What you should do: In the material below, find the span from the line with "Seamless Bras Sports Tube Top" to the line with "LOTE 149 - 10" and transcribe only those lines, exactly, ends included, without the pictures.

(Records to use)

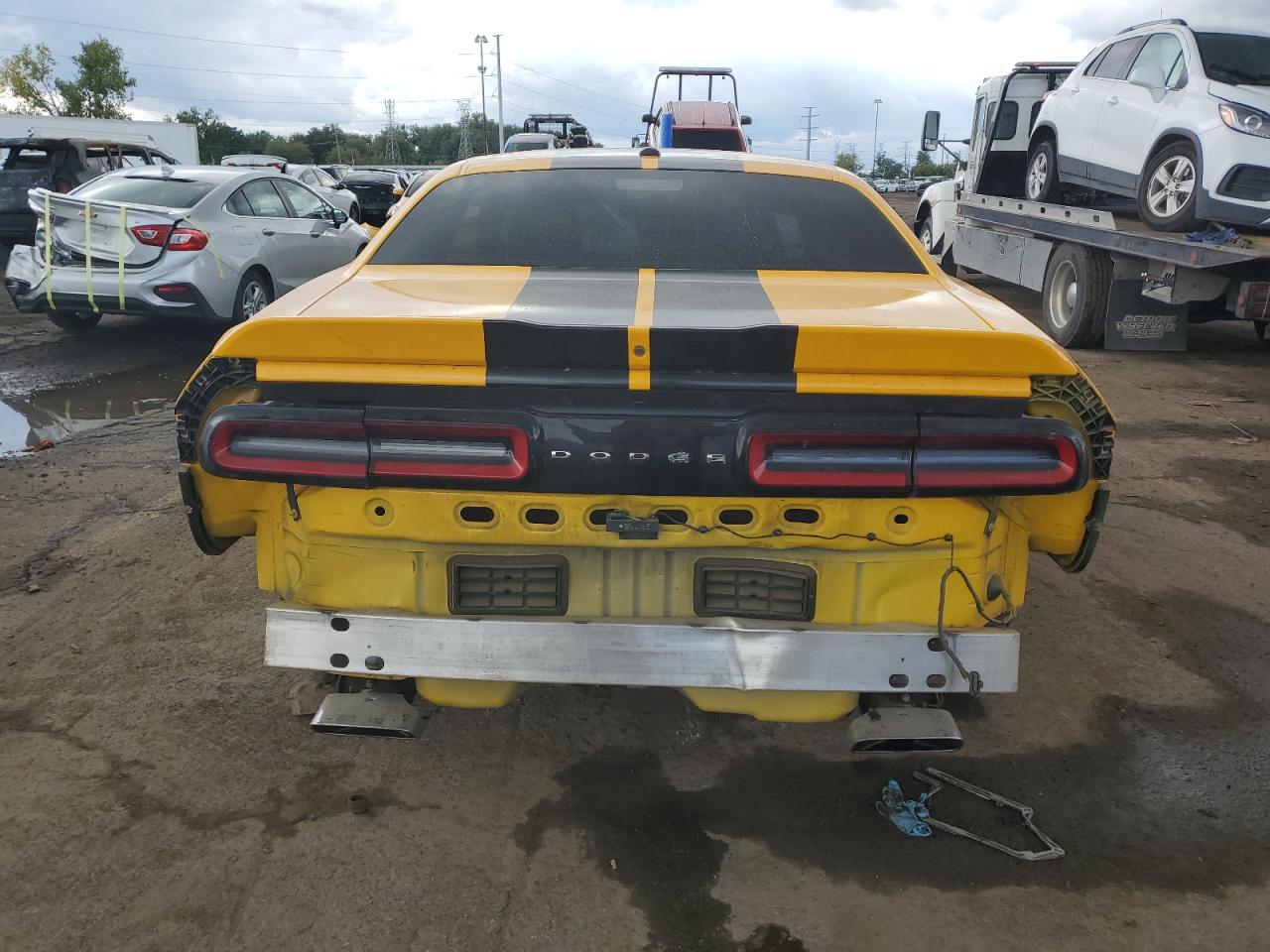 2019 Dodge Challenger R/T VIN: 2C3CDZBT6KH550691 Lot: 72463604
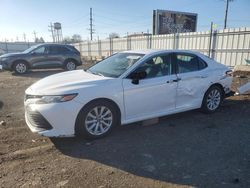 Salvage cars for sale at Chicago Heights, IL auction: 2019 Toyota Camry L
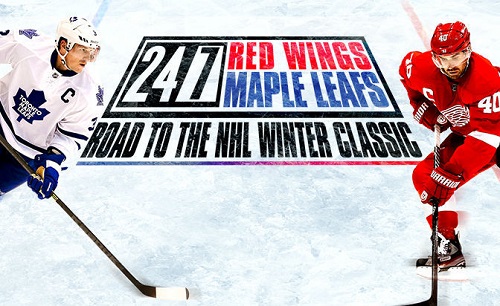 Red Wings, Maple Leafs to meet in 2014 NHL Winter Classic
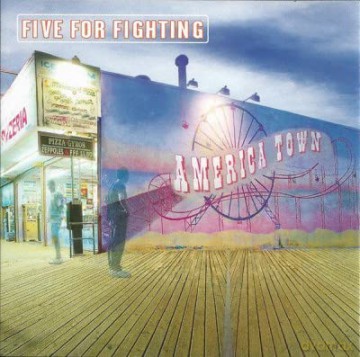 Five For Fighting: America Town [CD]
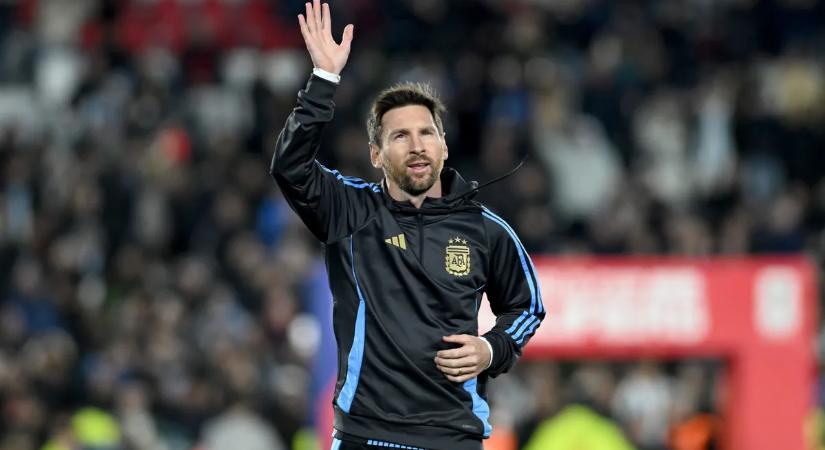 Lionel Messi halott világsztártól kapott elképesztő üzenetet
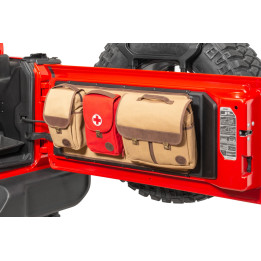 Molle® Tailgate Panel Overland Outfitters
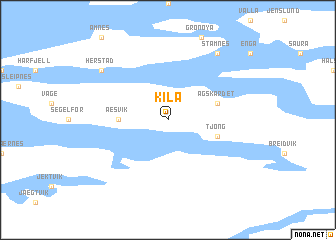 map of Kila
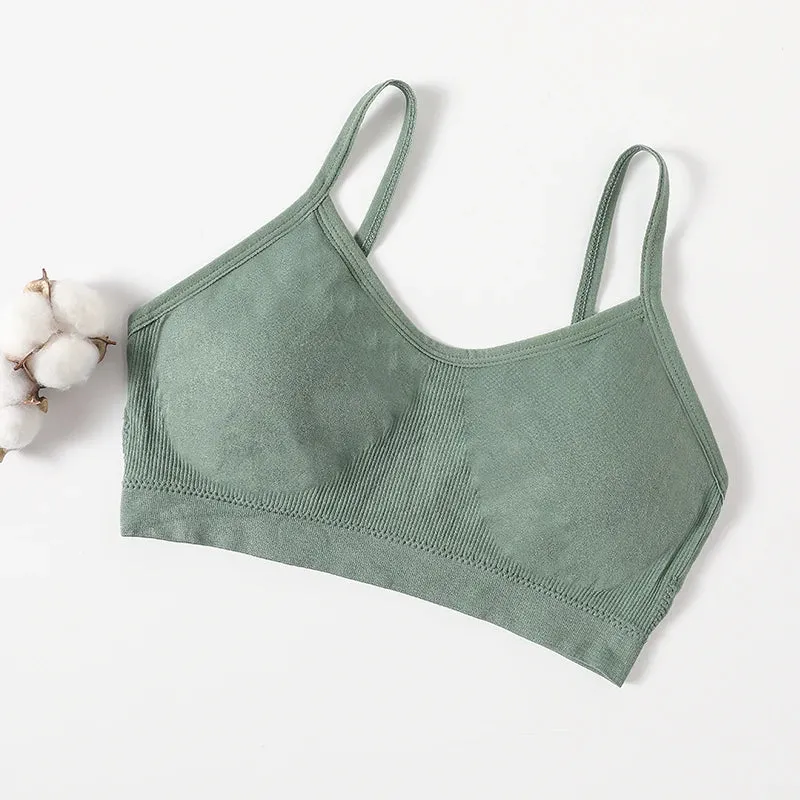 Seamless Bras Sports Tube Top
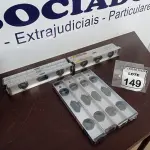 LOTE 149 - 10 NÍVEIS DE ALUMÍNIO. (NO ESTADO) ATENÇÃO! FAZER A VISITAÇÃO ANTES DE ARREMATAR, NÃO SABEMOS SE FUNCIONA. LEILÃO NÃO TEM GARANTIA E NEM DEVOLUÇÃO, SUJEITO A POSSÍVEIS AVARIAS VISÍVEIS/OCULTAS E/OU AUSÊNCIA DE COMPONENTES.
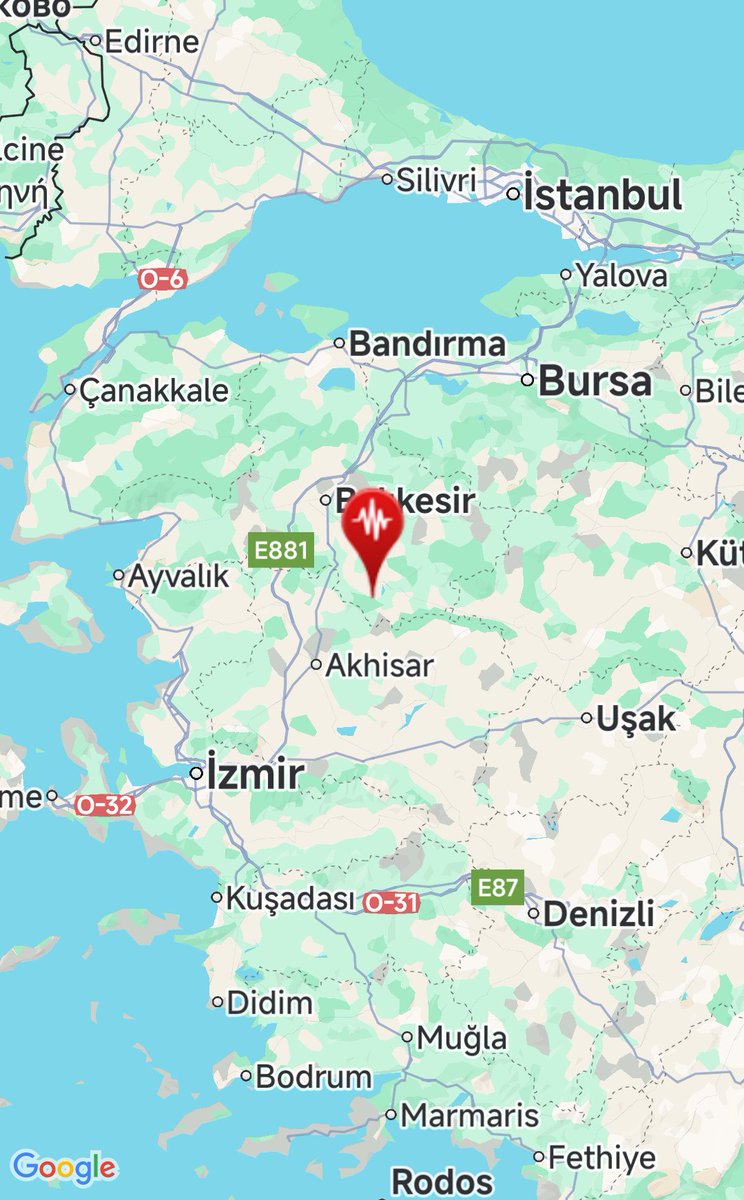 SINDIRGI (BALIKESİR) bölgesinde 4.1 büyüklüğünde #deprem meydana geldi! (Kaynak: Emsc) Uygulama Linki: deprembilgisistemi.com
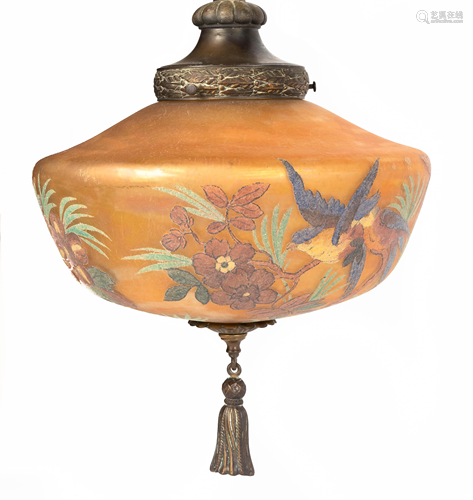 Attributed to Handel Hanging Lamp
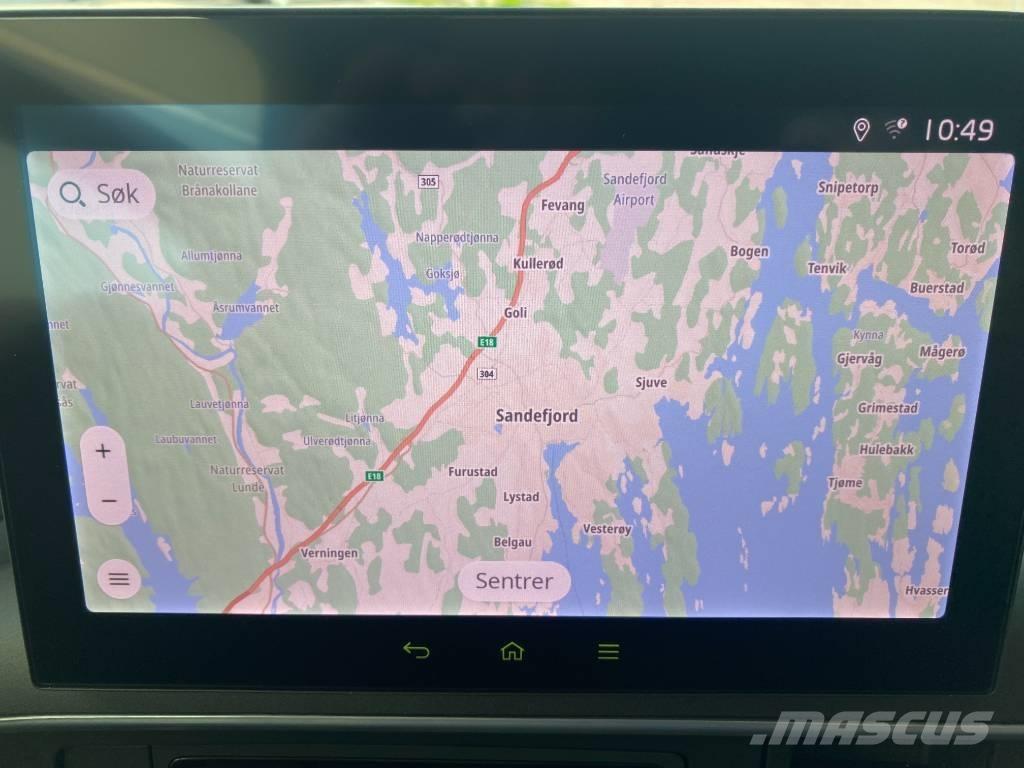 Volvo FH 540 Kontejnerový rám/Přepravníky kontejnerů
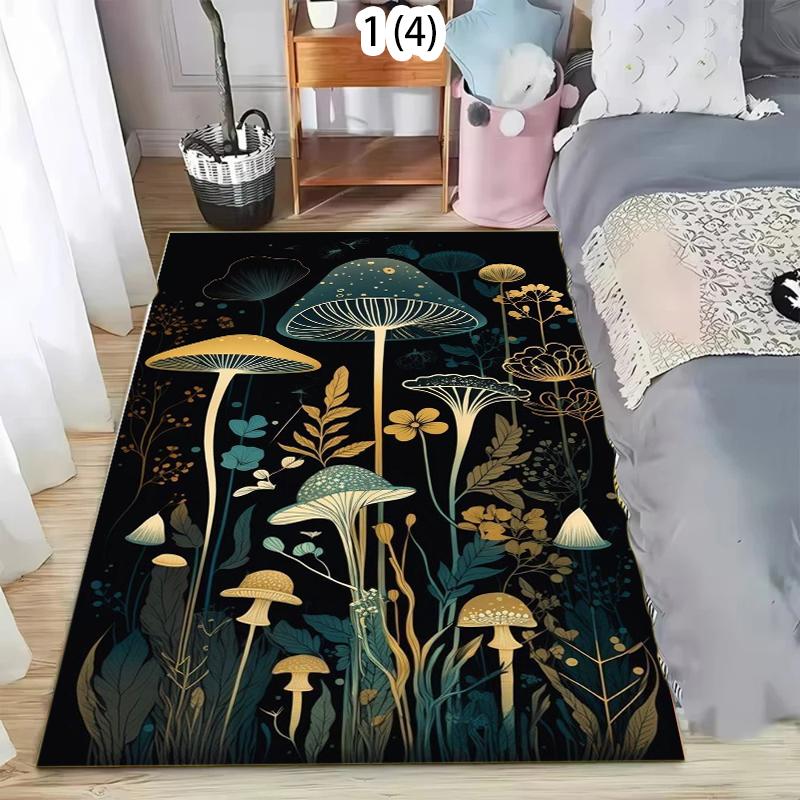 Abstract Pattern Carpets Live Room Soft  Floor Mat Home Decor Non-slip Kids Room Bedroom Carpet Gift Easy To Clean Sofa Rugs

(End Records to use)

Solution:
 Seamless Bras Sports Tube Top
 LOTE 149 - 10 NÍVEIS DE ALUMÍNIO. (NO ESTADO) ATENÇÃO! FAZER A VISITAÇÃO ANTES DE ARREMATAR, NÃO SABEMOS SE FUNCIONA. LEILÃO NÃO TEM GARANTIA E NEM DEVOLUÇÃO, SUJEITO A POSSÍVEIS AVARIAS VISÍVEIS/OCULTAS E/OU AUSÊNCIA DE COMPONENTES.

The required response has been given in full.